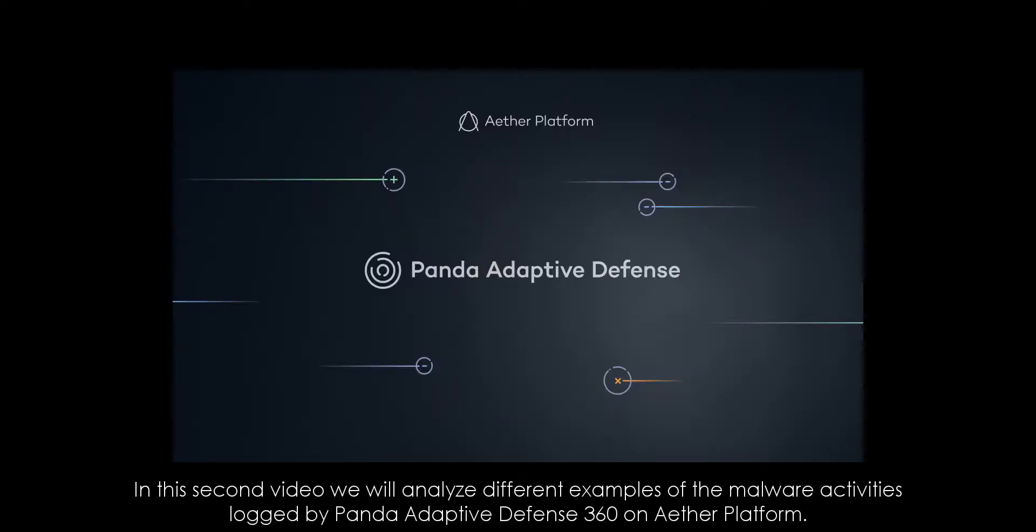In this second video we will analyze different examples of the malware activities logged by Panda Adaptive Defense 360 on the Ether platform.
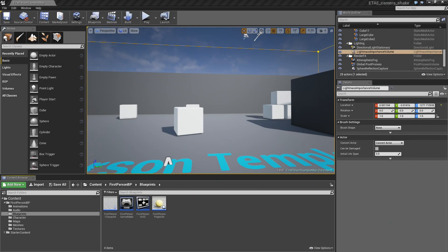Hello, Alan Noon here, and today we're going to talk about Camera Shake. Camera Shake is one of the most important and fun elements you can add to your game in order to create a sense of dynamism and excitement. So let's go ahead and do some of that now.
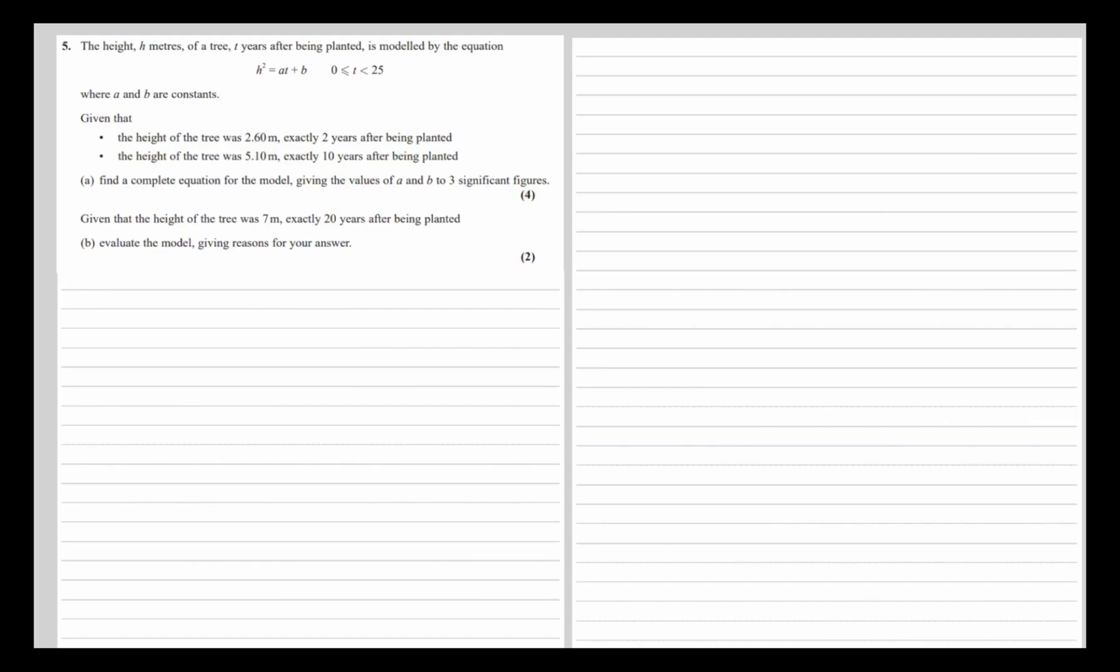where a and b are constants. We're given that the height was 2.6 meters after 2 years and 5.1 meters after 10 years. We need to find the complete equation for the model, giving the values of a and b to three significant figures.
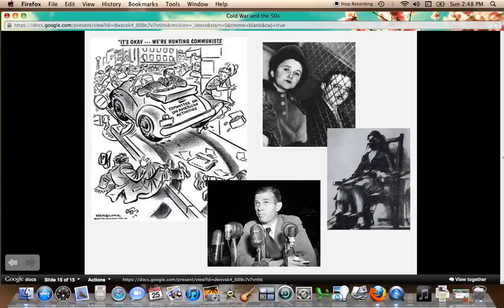We'll be coming back to a lot of these points in the class activities, but again, this is an introduction to why the Cold War was being fought, how the U.S. approached it, and how it impacted the United States.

+++

AIM OF THE EXERCISE: Starting at the line that holds "where a and", copy each line exactly through the end of the material above, keeping both ends and dropping the pictures.

RESULT OF THE EXERCISE:
where a and b are constants. We're given that the height was 2.6 meters after 2 years and 5.1 meters after 10 years. We need to find the complete equation for the model, giving the values of a and b to three significant figures.
We'll be coming back to a lot of these points in the class activities, but again, this is an introduction to why the Cold War was being fought, how the U.S. approached it, and how it impacted the United States.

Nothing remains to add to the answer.